▶ **What you have to do**
What you write should be an exact copy of the material, from its first line through the line containing "istock Blood tubes".

▶ **Records provided**
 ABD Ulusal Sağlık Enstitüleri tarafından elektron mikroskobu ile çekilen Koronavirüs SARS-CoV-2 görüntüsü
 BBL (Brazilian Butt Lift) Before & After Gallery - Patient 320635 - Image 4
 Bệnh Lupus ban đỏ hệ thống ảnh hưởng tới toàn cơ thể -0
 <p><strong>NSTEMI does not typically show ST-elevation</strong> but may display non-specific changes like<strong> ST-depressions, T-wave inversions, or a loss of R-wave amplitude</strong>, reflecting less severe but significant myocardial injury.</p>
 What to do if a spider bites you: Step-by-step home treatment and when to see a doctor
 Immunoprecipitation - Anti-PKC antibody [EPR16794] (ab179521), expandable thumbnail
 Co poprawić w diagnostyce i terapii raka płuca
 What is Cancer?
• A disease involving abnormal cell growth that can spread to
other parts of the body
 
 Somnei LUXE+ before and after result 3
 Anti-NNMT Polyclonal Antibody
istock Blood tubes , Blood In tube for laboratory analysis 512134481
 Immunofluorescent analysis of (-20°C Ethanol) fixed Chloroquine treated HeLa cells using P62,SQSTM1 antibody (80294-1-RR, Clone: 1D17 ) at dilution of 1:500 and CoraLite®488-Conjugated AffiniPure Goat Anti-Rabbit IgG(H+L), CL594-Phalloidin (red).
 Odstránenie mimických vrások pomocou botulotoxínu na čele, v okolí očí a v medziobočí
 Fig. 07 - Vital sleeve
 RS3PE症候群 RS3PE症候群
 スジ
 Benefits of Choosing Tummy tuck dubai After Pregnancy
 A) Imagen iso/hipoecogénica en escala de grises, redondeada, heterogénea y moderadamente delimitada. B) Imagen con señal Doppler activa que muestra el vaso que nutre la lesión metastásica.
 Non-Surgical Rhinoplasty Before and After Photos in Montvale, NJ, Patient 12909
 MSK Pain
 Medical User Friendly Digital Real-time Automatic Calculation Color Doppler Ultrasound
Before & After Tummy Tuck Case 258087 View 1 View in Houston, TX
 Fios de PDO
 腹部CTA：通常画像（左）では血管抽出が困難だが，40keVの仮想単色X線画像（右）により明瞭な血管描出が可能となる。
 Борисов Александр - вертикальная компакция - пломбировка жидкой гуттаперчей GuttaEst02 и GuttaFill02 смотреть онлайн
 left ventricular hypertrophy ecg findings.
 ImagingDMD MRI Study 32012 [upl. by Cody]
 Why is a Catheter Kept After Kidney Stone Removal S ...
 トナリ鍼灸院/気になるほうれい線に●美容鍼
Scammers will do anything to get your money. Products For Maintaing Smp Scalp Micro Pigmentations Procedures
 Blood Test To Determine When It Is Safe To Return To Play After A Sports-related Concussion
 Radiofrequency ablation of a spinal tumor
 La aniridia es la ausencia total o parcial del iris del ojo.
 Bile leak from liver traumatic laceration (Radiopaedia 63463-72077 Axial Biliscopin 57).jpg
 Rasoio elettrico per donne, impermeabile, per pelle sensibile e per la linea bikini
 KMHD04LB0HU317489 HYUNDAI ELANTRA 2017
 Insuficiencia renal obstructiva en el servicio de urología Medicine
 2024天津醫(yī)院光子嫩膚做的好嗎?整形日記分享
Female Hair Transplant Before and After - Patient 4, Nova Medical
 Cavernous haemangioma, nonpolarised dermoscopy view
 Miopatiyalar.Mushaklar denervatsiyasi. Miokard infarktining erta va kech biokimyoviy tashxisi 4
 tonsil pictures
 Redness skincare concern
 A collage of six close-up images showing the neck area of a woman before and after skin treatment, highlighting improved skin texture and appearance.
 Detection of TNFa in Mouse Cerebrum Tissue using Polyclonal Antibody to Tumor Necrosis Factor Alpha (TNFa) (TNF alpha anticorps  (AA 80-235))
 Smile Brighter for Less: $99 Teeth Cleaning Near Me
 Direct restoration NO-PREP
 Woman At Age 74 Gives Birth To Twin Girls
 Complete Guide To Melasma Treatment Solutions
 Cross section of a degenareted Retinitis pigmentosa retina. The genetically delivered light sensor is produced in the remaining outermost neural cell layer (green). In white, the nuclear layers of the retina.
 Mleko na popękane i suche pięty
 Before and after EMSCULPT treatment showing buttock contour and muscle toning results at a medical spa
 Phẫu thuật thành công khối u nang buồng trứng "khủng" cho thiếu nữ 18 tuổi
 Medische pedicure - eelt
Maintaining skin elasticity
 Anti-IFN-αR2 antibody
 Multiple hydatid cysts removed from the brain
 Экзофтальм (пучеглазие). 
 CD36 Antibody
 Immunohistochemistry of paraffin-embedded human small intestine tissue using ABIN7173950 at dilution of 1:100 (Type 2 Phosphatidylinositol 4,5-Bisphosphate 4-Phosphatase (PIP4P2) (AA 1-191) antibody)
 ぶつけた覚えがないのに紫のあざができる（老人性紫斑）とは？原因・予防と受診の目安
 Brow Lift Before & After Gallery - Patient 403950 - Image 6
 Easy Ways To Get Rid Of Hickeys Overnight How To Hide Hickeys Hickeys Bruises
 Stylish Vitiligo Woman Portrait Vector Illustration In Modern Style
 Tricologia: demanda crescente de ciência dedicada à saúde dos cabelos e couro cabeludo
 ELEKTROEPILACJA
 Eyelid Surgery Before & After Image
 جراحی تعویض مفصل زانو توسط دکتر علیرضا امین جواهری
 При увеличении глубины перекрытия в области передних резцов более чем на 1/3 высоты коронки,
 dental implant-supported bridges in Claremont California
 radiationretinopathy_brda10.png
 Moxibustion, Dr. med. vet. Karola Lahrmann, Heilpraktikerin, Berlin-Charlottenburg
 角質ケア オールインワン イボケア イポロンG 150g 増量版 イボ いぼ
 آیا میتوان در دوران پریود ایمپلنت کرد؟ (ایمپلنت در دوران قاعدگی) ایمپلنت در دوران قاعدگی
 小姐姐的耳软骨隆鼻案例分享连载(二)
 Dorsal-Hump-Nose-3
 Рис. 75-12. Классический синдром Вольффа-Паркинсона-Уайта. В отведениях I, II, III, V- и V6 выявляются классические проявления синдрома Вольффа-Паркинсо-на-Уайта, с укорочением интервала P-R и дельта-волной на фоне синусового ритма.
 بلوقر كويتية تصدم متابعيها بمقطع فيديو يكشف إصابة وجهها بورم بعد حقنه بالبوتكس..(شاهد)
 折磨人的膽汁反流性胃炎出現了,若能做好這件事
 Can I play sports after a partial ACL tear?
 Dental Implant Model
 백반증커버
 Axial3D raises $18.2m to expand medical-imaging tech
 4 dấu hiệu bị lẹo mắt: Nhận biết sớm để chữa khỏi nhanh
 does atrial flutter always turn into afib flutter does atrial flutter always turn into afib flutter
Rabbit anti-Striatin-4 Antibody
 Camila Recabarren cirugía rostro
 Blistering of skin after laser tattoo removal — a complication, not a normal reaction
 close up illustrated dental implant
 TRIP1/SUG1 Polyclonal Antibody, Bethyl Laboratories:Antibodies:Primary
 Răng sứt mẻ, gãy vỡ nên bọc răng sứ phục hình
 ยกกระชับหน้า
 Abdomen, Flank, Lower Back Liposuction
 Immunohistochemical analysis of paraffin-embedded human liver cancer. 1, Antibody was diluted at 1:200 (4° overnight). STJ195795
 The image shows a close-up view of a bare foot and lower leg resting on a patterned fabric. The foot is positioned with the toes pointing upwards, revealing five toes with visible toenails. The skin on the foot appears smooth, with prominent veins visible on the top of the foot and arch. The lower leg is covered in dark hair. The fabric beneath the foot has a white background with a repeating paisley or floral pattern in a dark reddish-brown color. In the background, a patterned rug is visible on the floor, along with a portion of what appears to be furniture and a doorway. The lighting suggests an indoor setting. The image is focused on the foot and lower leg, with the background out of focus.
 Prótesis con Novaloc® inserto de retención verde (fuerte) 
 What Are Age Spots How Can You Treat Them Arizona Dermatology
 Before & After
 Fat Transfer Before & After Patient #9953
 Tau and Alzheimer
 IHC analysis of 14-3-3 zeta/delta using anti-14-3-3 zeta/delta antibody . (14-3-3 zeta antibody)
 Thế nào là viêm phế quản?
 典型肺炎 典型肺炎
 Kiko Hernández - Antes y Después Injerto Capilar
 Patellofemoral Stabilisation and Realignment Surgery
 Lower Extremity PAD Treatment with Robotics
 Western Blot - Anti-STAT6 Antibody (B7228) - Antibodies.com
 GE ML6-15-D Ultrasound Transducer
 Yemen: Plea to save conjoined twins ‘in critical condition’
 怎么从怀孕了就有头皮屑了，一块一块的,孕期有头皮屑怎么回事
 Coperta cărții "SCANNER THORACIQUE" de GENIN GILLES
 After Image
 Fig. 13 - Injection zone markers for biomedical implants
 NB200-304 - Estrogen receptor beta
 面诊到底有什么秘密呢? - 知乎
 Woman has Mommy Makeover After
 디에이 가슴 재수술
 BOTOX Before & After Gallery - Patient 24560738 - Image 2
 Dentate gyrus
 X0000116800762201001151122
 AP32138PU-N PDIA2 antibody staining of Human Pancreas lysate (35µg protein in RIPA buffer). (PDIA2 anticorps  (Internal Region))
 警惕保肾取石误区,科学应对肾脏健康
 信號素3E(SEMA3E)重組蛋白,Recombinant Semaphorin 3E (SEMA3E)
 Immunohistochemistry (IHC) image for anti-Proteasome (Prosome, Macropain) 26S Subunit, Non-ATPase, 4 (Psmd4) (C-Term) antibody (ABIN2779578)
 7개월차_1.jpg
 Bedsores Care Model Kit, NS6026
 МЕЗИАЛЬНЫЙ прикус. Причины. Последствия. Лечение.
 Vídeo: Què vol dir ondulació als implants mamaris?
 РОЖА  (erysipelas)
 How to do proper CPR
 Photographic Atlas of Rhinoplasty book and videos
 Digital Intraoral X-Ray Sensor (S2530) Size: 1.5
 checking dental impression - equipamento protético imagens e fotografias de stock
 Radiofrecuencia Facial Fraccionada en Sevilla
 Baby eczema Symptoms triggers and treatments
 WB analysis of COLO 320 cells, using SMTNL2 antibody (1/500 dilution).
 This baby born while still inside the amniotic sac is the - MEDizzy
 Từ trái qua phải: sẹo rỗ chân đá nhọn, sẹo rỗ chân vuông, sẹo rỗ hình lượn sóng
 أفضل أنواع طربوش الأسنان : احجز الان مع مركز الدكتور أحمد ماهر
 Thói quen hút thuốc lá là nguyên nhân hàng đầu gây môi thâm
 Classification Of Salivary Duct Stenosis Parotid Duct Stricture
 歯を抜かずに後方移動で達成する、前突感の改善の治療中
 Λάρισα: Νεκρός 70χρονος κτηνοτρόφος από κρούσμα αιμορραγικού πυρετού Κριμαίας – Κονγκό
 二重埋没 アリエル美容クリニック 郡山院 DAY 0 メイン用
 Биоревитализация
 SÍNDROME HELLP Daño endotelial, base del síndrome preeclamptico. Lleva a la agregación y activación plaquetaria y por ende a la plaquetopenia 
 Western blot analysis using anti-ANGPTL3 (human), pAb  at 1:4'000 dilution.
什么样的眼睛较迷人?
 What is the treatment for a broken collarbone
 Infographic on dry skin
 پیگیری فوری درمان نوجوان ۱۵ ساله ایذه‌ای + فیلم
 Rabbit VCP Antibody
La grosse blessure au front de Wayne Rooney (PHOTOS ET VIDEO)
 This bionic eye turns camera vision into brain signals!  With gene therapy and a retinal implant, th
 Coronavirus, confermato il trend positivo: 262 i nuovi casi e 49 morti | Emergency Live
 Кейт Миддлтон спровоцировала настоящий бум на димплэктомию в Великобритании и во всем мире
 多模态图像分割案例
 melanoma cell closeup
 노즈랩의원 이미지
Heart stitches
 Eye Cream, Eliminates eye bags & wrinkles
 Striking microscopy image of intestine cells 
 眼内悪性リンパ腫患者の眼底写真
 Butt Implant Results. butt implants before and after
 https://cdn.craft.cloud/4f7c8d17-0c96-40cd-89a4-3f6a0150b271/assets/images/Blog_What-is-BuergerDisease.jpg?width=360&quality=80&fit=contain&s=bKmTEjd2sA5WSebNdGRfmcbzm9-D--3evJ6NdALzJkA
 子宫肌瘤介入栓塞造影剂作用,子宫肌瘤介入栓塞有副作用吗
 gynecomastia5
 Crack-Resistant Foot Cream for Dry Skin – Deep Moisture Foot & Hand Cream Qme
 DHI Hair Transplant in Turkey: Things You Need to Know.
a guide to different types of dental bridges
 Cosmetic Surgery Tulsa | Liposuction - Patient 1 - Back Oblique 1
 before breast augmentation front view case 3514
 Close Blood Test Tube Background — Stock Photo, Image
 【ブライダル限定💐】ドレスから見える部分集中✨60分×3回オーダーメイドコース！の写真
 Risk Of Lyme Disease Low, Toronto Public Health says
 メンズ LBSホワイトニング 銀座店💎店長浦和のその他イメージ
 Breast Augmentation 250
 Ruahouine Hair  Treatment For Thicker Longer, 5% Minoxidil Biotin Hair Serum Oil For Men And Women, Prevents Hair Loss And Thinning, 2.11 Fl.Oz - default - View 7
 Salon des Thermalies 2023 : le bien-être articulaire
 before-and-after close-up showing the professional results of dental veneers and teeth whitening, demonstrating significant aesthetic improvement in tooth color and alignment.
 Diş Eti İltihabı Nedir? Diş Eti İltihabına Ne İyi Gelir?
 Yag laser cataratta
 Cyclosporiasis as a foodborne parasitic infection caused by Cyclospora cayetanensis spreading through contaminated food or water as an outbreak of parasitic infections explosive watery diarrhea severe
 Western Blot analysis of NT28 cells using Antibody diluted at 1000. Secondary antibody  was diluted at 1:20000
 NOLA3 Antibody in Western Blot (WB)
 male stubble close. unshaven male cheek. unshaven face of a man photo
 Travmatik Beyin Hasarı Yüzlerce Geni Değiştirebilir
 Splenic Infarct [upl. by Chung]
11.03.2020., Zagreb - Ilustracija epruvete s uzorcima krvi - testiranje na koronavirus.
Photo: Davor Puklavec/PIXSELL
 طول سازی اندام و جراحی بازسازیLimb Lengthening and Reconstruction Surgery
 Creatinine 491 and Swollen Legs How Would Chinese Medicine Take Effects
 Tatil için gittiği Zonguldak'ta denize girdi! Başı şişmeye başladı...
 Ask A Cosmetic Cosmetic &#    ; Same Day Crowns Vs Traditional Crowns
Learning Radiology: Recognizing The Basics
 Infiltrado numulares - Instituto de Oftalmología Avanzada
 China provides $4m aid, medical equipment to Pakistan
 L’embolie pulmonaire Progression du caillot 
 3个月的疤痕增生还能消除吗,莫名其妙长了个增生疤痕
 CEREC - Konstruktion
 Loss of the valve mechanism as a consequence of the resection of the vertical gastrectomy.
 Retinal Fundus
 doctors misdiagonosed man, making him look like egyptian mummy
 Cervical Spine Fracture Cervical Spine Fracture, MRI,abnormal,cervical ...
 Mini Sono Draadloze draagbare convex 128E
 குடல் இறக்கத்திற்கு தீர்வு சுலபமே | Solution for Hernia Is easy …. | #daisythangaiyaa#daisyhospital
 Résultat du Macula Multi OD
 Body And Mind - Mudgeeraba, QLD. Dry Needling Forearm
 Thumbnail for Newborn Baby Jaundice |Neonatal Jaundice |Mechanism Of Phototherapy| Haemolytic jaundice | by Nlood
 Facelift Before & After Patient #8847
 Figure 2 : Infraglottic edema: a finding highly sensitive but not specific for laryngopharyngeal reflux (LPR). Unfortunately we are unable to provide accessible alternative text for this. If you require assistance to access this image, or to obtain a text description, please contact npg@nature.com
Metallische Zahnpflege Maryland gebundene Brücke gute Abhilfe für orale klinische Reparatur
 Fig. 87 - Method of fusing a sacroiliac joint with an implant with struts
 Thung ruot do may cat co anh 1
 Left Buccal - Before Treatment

▶ **Task output**
 ABD Ulusal Sağlık Enstitüleri tarafından elektron mikroskobu ile çekilen Koronavirüs SARS-CoV-2 görüntüsü
 BBL (Brazilian Butt Lift) Before & After Gallery - Patient 320635 - Image 4
 Bệnh Lupus ban đỏ hệ thống ảnh hưởng tới toàn cơ thể -0
 <p><strong>NSTEMI does not typically show ST-elevation</strong> but may display non-specific changes like<strong> ST-depressions, T-wave inversions, or a loss of R-wave amplitude</strong>, reflecting less severe but significant myocardial injury.</p>
 What to do if a spider bites you: Step-by-step home treatment and when to see a doctor
 Immunoprecipitation - Anti-PKC antibody [EPR16794] (ab179521), expandable thumbnail
 Co poprawić w diagnostyce i terapii raka płuca
 What is Cancer?
• A disease involving abnormal cell growth that can spread to
other parts of the body
 
 Somnei LUXE+ before and after result 3
 Anti-NNMT Polyclonal Antibody
istock Blood tubes , Blood In tube for laboratory analysis 512134481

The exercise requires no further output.